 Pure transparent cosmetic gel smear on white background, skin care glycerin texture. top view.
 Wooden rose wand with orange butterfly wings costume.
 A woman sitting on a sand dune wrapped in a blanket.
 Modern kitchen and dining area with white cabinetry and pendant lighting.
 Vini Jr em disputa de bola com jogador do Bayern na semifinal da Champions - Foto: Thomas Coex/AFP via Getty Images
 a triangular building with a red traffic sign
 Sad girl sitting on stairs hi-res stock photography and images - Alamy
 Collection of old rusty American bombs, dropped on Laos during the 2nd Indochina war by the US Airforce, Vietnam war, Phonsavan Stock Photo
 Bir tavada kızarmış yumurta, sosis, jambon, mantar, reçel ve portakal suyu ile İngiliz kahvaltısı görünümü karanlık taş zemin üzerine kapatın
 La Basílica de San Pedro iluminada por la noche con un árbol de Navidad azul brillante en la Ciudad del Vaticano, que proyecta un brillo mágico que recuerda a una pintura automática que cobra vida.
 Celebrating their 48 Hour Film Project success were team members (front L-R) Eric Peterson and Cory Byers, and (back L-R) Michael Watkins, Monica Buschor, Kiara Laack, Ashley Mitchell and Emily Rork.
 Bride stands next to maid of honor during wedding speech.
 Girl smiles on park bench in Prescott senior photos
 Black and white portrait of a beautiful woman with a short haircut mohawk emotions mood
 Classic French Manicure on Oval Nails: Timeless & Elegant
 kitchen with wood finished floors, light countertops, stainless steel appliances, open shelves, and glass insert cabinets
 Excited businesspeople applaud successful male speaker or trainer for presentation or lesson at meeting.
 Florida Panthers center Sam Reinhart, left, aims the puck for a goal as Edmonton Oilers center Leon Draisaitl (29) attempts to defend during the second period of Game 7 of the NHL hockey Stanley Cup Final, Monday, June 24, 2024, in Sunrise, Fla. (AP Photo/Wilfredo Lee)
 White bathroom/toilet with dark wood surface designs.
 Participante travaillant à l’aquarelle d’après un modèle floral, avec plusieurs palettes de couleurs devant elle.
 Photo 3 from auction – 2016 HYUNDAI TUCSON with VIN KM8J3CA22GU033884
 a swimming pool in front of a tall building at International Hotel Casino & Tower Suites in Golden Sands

What you have to do: Tally the lines of the records that contain the word "front" and state the total alone.

Answer to the problem: 2